Turbine installation Using market values for vessel costs and their capacities, the turbine installation costs are modelled by assessing the total amount of time required to install the turbines at their specific locations within the wind farm. This, therefore, includes the calculation of the time required for each installation operation, the travel time between turbines, and the travel time to and from the construction port. In order to determine the optimal vessel installation route, the turbines are clustered based on the capacity of the installation vessel, and for each cluster a shortest path is computed between the port, each turbine in the cluster, and the port again. This approach, therefore, accurately computes the distance that the vessel must travel over the installation process. From this, the total time is computed based on assumed weather availability and the costs computed based on the vessel and equipment day rates. The turbine layout, therefore, has a direct impact on the time needed to travel between turbine positions as well as to and from the port.

Foundation supply Foundation costs are found to be highly dependent on the site conditions where the foundation is to be installed. To account for this dependence, previous cost models have attempted a bottom up approach based on the soil characteristics at the installation site to model the costs. Unfortunately, this approach has proven difficult to validate for all foundation types (Elkinton 2007). For the present tool, therefore, a depth dependency has been developed from discussions with manufacturers and the specific soil conditions are not included. Detailed bathymetry of a site is, therefore, necessary in order to accurately estimate the variation in foundation supply costs as a function of the turbine layout. As the original cases defined by Mosetti et al. (1994) did not include bathymetric data, a constant depth has been assumed across the site.

Foundation installation The foundation installation process like the turbine installation module is based on estimating the time needed to complete the operations and converting this time to a cost. Unlike the turbine installation though, this is modelled as three distinct phases which each uses a different vessel to complete.

Regardless of the foundation type (gravity-based, monopile, or jacket), some seabed preparation is necessary. For a gravity-based foundation this might be the necessary dredging and levelling of the seabed, while for monopiles and jackets this would more likely be pre-pilling works including surveying and drilling. After this step, the foundations will be installed as a separate operation following which some kind of scour protection will often be added. The installation of scour protection is again modelled as a separate step involving a different vessel from either the site preparation or foundation installation processes. In some conditions, the scour protection will not be necessary; however, for the time being the present model assumes that all turbines will require scour protection.

Intra-array cable costs The total horizontal length of intra-array cables required is computed from the intra-array cable optimization tool described earlier. This tool is described in detail in previous work by the authors (Pillai et al. 2015). This tool has the support for optimizing the layout for different cable cross-section sizes and, therefore, can output not only the total length of cable, but the horizontal lengths required for each segment and the required cross-section.
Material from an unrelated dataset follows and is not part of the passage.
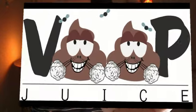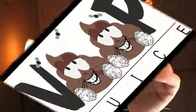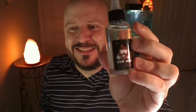Look at that logo right there — Voop Juice. Now for those of you that don't know, and I didn't know before a couple days ago, if you look at the logo you get a hint of it: 'voop' officially means when you are going to the bathroom number two — pooping and vaping at the same time. Hopefully this eJuice will not taste like poop!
From this, the intra-array cable cost module computes the necessary vertical cable and the necessary spare cable before computing the costs.

Following the calculation of the supply cost, the installation cost is computed in a similar manner to the turbine and foundation installation modules. This is done based on data available for cable trenching vessels and, therefore, assumes that all cables are trenched and buried.

Operations and maintenance The operations and maintenance costs are based on a tool developed by EDF Energy R&D UK Centre which models the anticipated operations and maintenance cost of a project to vary with the projects distance from the operations and maintenance port and the capacity of the project. As this term is affected by distance of the wind farm to the operations and maintenance port, this too is affected by the layout. The operations and maintenance costs are classed as operational expenditure (OPEX) as these are incurred each year of operation as opposed to the preceding cost elements which are only incurred during the construction period and are, therefore, classed as CAPEX elements.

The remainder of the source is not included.